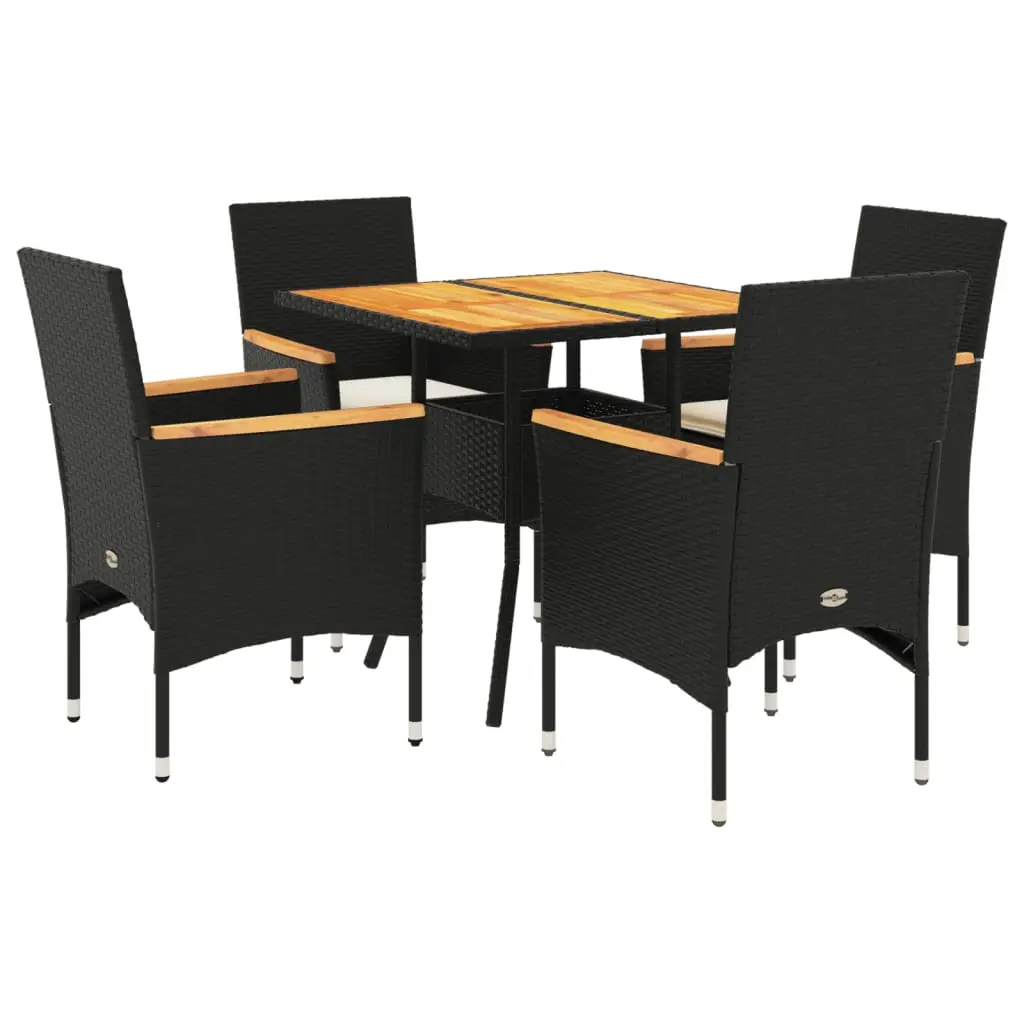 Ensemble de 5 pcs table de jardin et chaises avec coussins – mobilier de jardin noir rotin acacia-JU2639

-=-=-=-=-

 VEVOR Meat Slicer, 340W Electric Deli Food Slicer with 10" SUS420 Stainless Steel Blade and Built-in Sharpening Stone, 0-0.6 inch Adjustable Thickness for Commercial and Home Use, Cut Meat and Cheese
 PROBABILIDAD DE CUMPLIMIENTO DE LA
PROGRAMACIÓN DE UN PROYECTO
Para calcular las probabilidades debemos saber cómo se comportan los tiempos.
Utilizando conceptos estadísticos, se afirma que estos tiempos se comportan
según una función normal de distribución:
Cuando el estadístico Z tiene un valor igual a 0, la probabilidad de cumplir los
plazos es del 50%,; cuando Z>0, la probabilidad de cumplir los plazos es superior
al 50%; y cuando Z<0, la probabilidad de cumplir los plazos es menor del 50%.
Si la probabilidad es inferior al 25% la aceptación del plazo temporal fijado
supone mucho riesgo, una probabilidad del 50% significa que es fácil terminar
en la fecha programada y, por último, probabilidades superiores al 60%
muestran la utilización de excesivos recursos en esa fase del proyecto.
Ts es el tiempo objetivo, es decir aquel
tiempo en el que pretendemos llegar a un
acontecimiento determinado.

-=-=-=-=-

▶ Task item: All that belongs in your answer is the stretch of entries above from the line with "según una función" through the line with "acontecimiento determinado.", printed exactly.

▶ Solution for this exercise:
según una función normal de distribución:
Cuando el estadístico Z tiene un valor igual a 0, la probabilidad de cumplir los
plazos es del 50%,; cuando Z>0, la probabilidad de cumplir los plazos es superior
al 50%; y cuando Z<0, la probabilidad de cumplir los plazos es menor del 50%.
Si la probabilidad es inferior al 25% la aceptación del plazo temporal fijado
supone mucho riesgo, una probabilidad del 50% significa que es fácil terminar
en la fecha programada y, por último, probabilidades superiores al 60%
muestran la utilización de excesivos recursos en esa fase del proyecto.
Ts es el tiempo objetivo, es decir aquel
tiempo en el que pretendemos llegar a un
acontecimiento determinado.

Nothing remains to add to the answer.